DIY Cat Wall Playground Ideas
Cats need things to scratch, jump, sleep on, and chase, and as long as you provide ample amounts of all of these things, they might just tolerate you!
Even senior cats need stimulation and play to keep them healthy and active, whereas kittens need something to take their attention away from the things you don't want them to ruin.
The best solution for cats at any age is to give them a specific place to hang out and get frisky! These DIY cat wall playground ideas provide ample inspiration to create a space that your cat(s) will absolutely love.
Steps and Shelves
This idea uses vertical space on the wall to create steps for cats to jump onto and even sleep on. One or two may be enough for an older kitty, but a series of steps up the wall can be a cool idea for a more playful cat who likes to explore.
The great thing about this idea is that you can customize it for your space and your cat's abilities. You can also use a variety of materials to make it happen.
A few simple wooden shelves and shelf brackets staggered up the wall can be all you need to create a neat playground spot.
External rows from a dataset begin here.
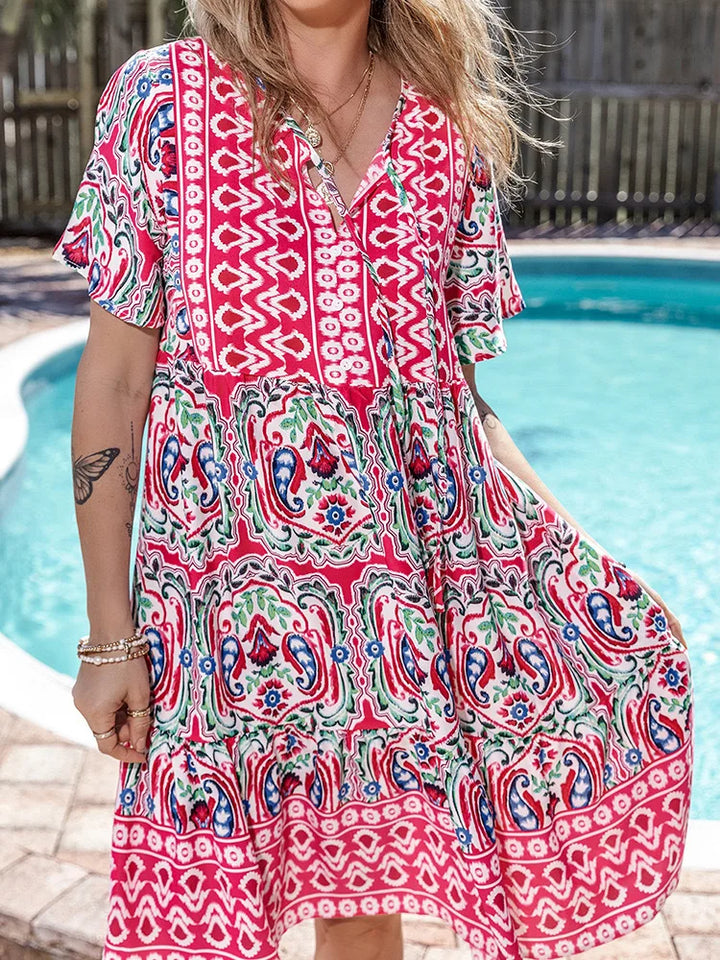 Kaylee Boho Floral Mini Dress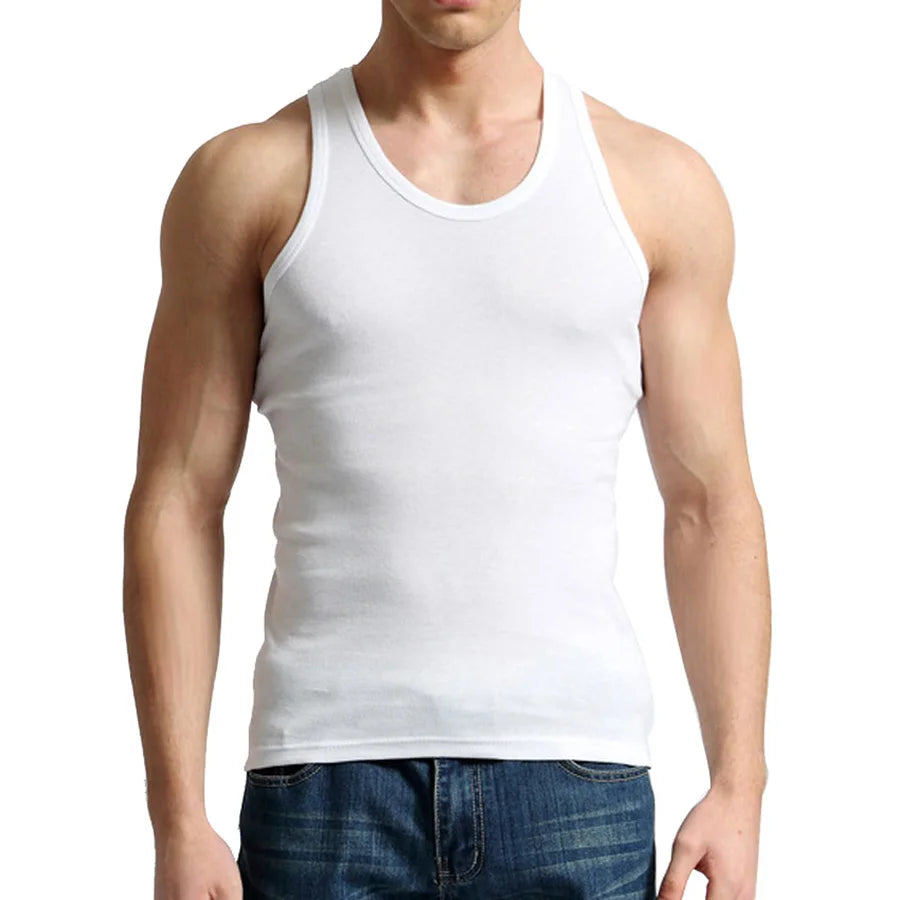 Men’s Cotton Tank Top – Sleeveless Gym Vest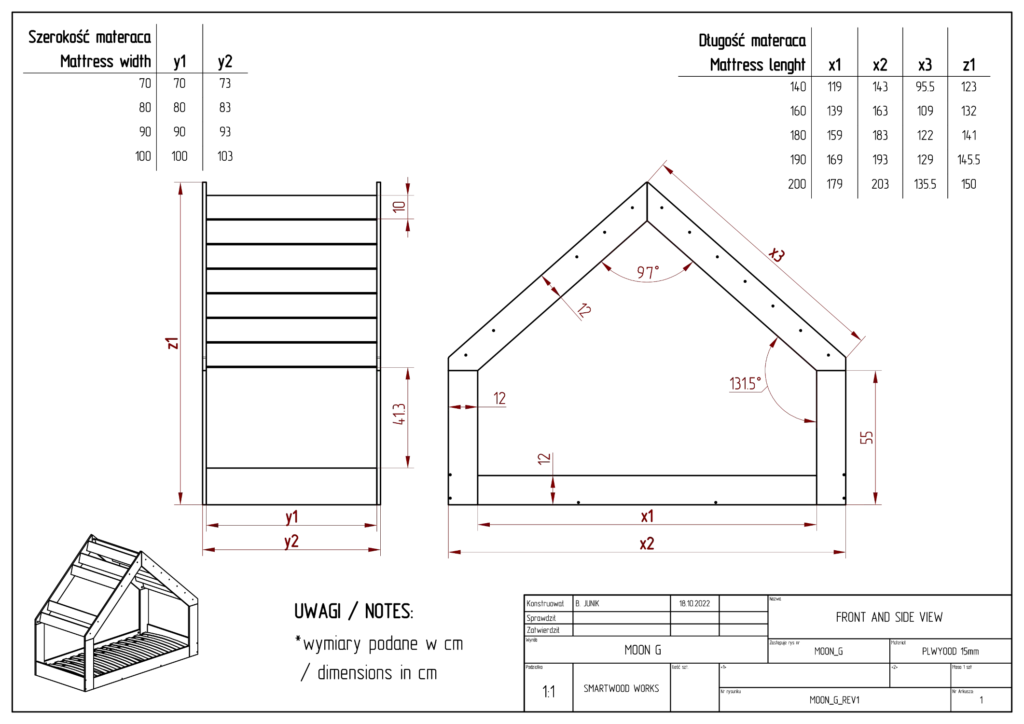 Dessin technique d'un lit cabane MOON G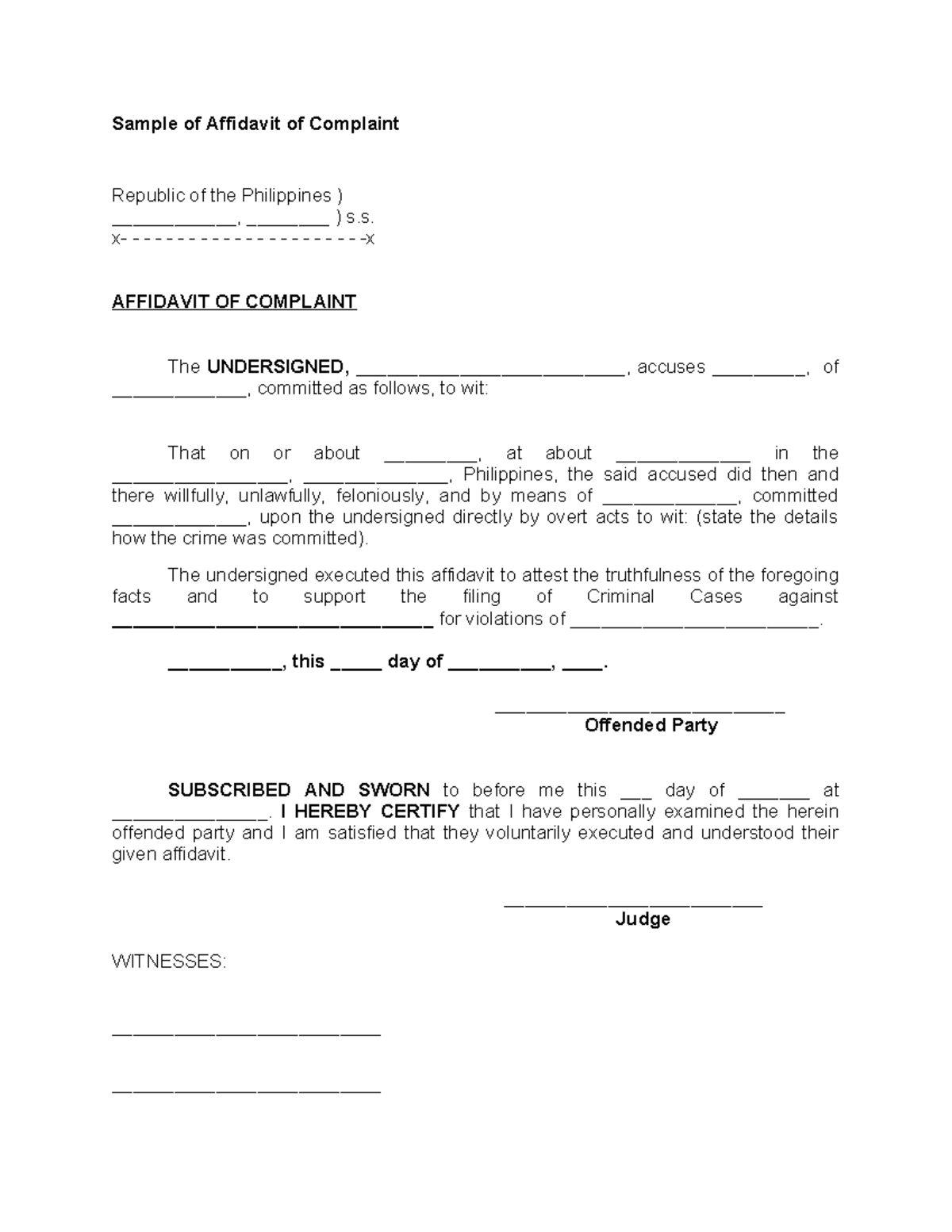 Sample of Affidavit of Complaint - Sample of Affidavit of Complaint ...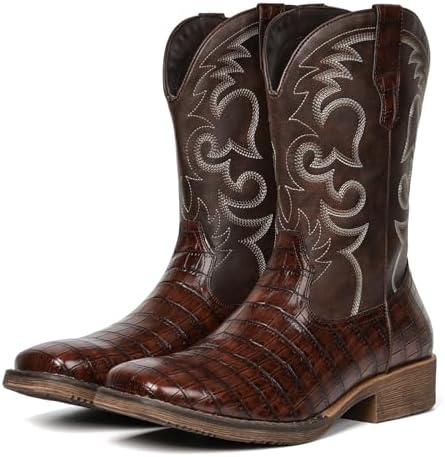 Cowboy Boots For Men Western Caiman Tail Print Wide Fashionable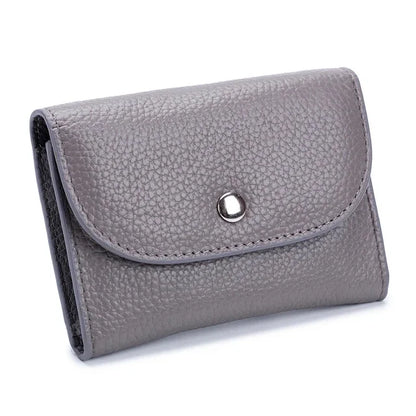 Simple Genuine Leather Zero Card Bag Men's and Women's New Soft Cowhide Short Multifunctional Small Wallet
Think about how high your cat can jump (or how high you want them to), as well as how big they are. Shelves should be wide enough and deep enough for cats to jump onto safely and fully lounge on.
They will also need to be reinforced into the wall securely. Brackets screwed into drywall anchors won't cut it, you'll need to find wall studs and make sure the shelves are fastened into them.
Alternatively, you can get creative with what you use on the wall, too. Floating shelves look neat but may be harder to secure. Old dresser drawers or wooden crates are a fun way to give kitty more of a nook to sleep in and hide away, mimicking how they would do it in nature.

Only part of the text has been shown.